§ Assignment
Exactly the lines from the one with "Служба обслуживание номерного" to the end of the entries should appear in your answer, retyped word for word.

§ Data excerpts
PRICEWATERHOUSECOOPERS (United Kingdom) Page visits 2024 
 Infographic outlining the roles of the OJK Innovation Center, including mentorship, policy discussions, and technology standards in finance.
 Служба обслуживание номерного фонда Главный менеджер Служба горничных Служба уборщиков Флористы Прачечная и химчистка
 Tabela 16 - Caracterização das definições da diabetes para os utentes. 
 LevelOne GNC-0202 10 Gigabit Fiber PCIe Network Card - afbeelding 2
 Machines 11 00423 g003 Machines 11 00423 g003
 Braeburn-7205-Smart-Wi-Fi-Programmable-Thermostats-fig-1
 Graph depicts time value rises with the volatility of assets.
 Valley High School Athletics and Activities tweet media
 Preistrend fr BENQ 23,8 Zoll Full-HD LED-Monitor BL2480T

§ Solution to this exercise
 Служба обслуживание номерного фонда Главный менеджер Служба горничных Служба уборщиков Флористы Прачечная и химчистка
 Tabela 16 - Caracterização das definições da diabetes para os utentes. 
 LevelOne GNC-0202 10 Gigabit Fiber PCIe Network Card - afbeelding 2
 Machines 11 00423 g003 Machines 11 00423 g003
 Braeburn-7205-Smart-Wi-Fi-Programmable-Thermostats-fig-1
 Graph depicts time value rises with the volatility of assets.
 Valley High School Athletics and Activities tweet media
 Preistrend fr BENQ 23,8 Zoll Full-HD LED-Monitor BL2480T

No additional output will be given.